• Task instructions
Extract precisely the lines that run from the line containing "Casual Minimalist Bowknot" to the end of the records below, with both ends included and pictures omitted.

Provided data START

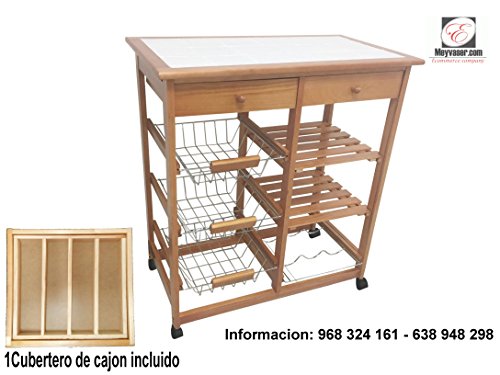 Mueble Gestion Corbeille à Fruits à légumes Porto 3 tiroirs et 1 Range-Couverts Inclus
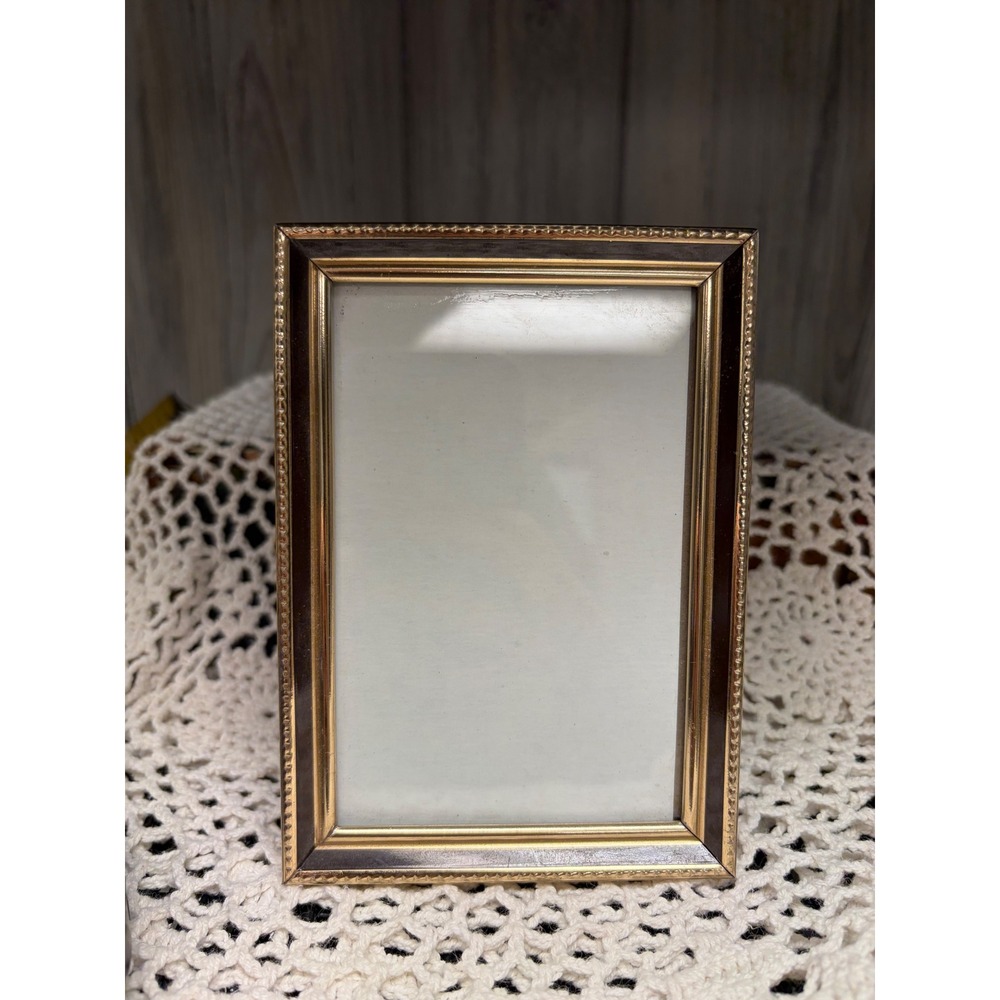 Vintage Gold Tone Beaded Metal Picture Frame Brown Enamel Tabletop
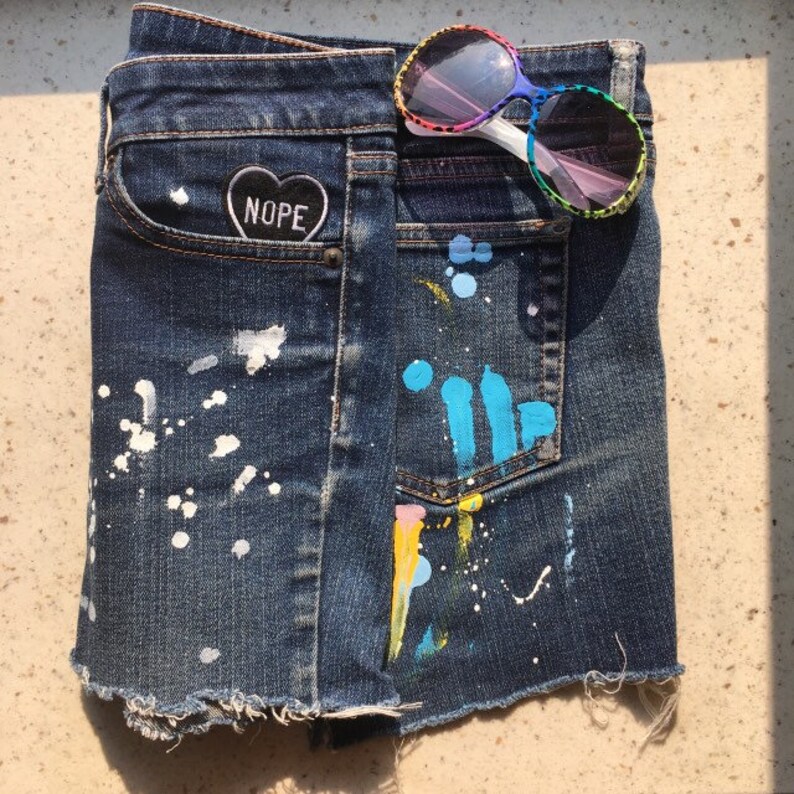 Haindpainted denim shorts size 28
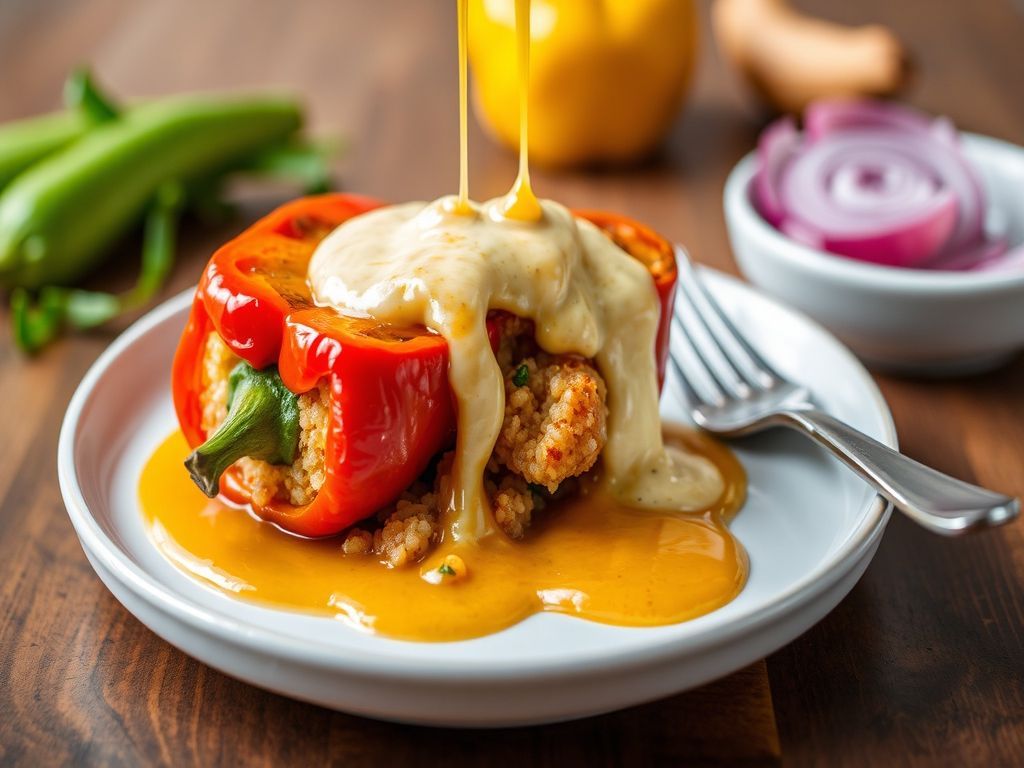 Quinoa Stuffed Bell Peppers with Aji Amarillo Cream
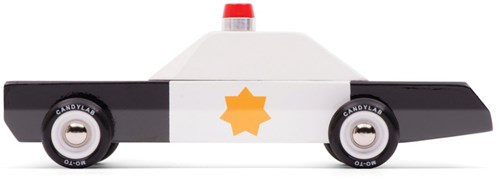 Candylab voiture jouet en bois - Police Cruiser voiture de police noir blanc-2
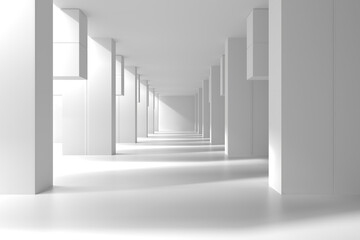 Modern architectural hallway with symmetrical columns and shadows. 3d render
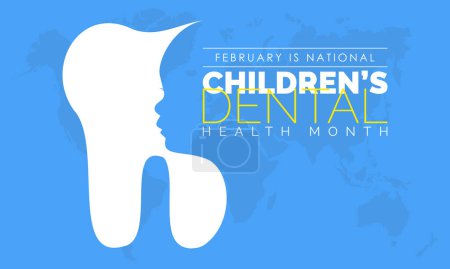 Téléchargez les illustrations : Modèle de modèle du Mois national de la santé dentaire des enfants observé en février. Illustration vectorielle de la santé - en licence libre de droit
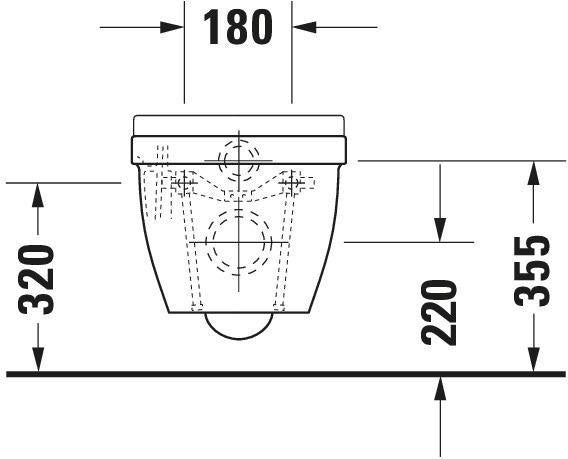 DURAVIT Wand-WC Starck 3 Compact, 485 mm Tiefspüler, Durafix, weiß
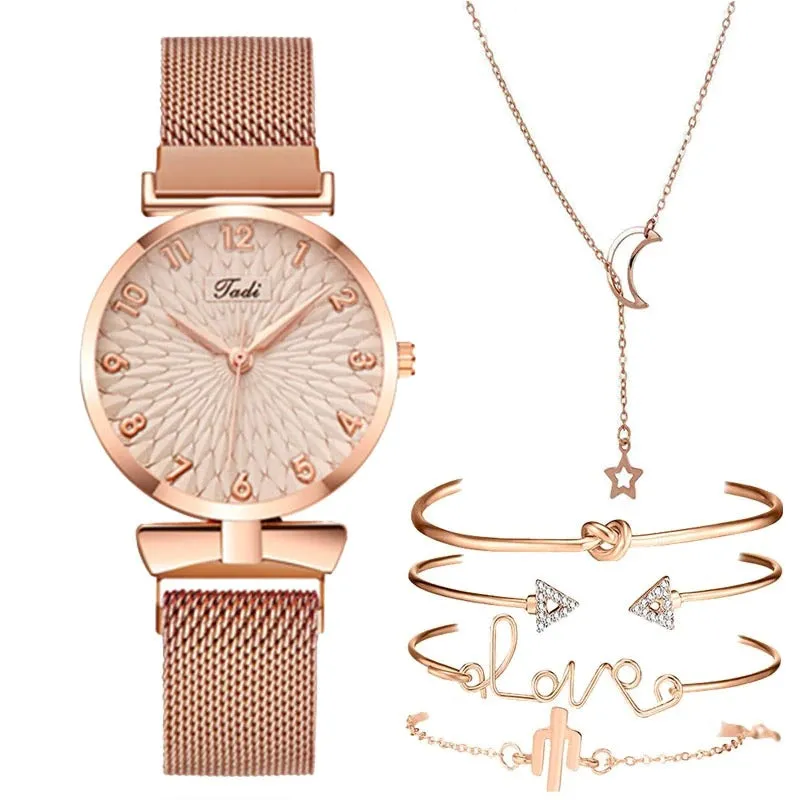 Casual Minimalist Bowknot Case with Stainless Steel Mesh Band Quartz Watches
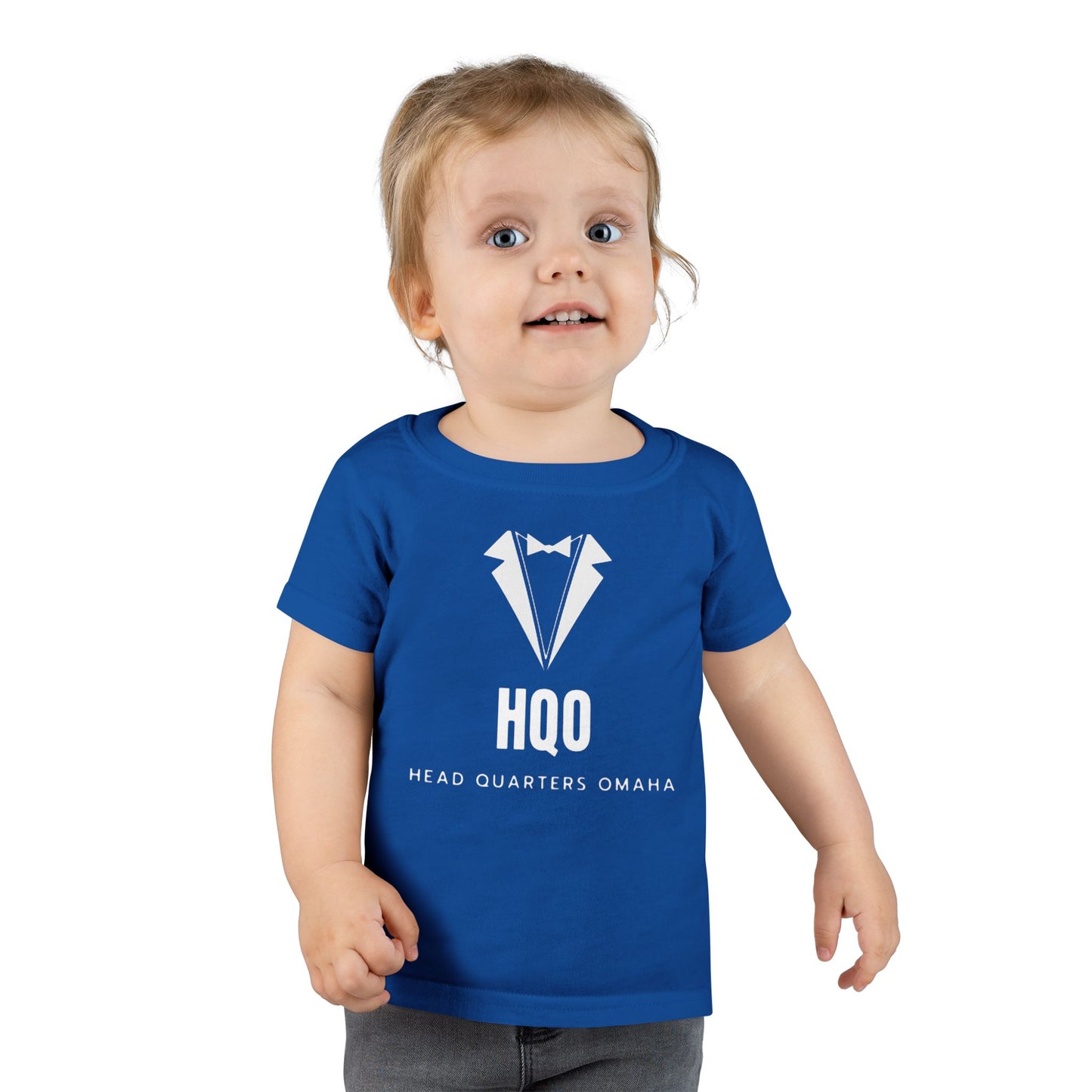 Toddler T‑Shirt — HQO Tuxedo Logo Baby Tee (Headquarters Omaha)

Provided data END

• Response
 Casual Minimalist Bowknot Case with Stainless Steel Mesh Band Quartz Watches
 Toddler T‑Shirt — HQO Tuxedo Logo Baby Tee (Headquarters Omaha)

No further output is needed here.